## EXERCISE DATA
-*-

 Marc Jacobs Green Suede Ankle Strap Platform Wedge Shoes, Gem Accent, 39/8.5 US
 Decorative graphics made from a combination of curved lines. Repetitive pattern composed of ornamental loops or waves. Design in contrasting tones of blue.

-*-

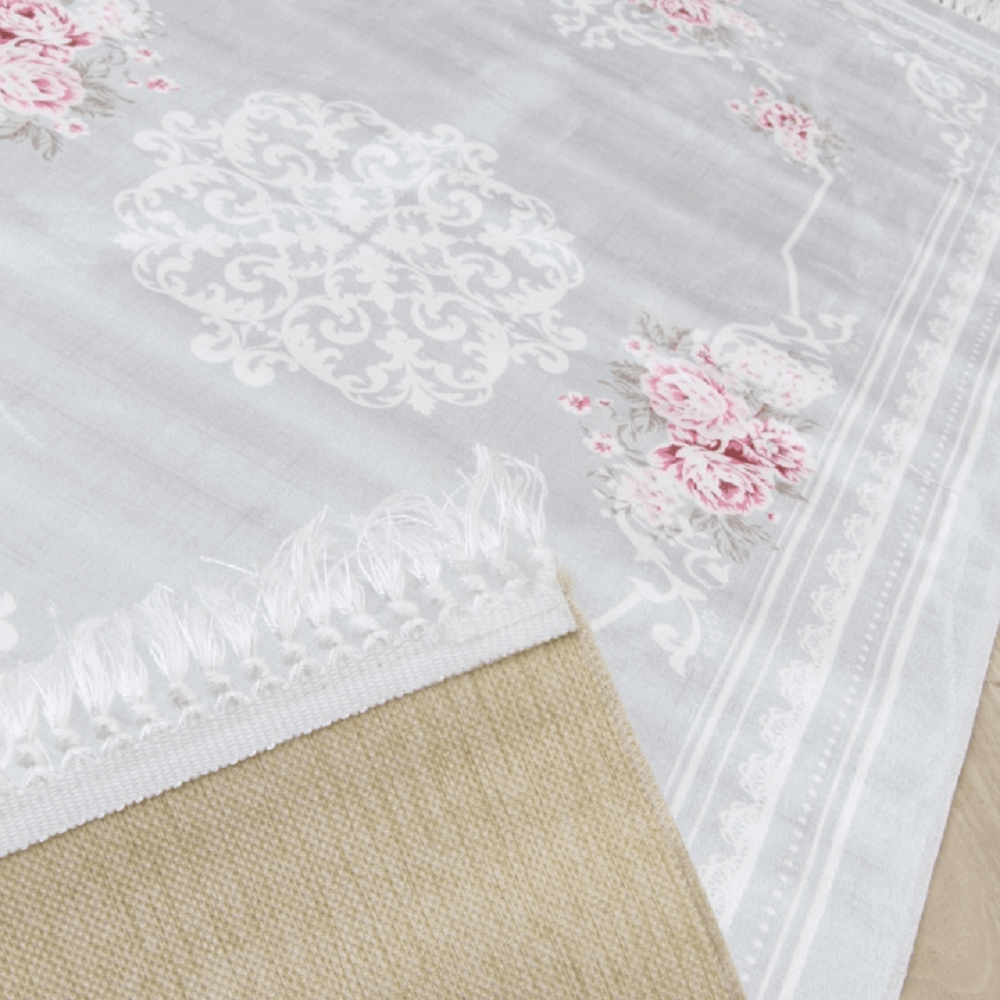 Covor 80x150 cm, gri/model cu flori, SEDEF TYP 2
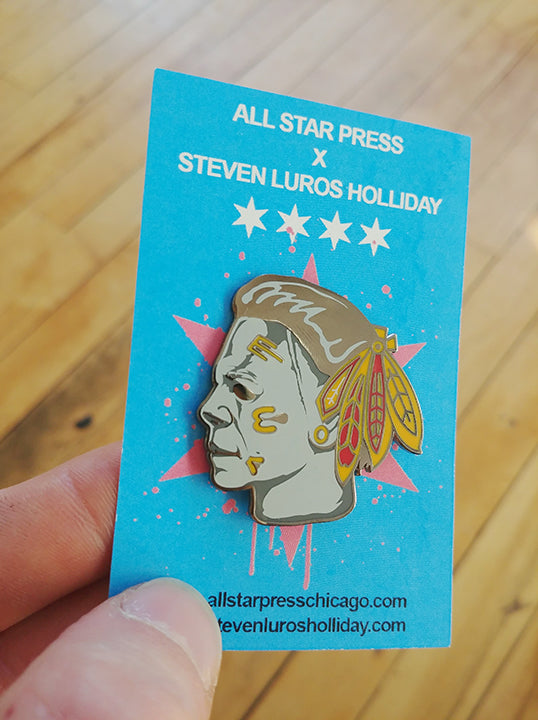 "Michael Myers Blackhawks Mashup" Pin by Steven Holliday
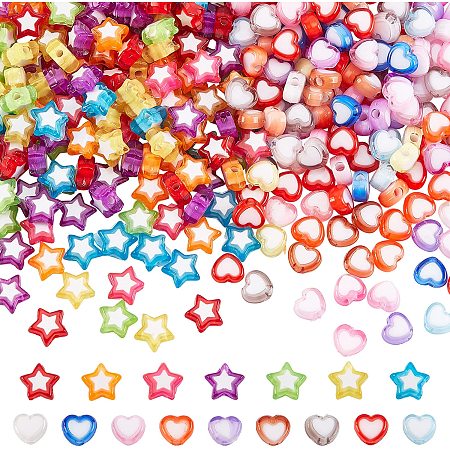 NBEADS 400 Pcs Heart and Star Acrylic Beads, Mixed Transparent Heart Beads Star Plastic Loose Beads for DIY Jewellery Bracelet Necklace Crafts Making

-*-

## TASK REQUIREMENTS
Only the lines above from the one with "by Steven Holliday" to the one with "NBEADS 400 Pcs" should be printed, both included and exactly as written; no picture belongs in the copy.

## SOLVED EXERCISE
 "Michael Myers Blackhawks Mashup" Pin by Steven Holliday
 NBEADS 400 Pcs Heart and Star Acrylic Beads, Mixed Transparent Heart Beads Star Plastic Loose Beads for DIY Jewellery Bracelet Necklace Crafts Making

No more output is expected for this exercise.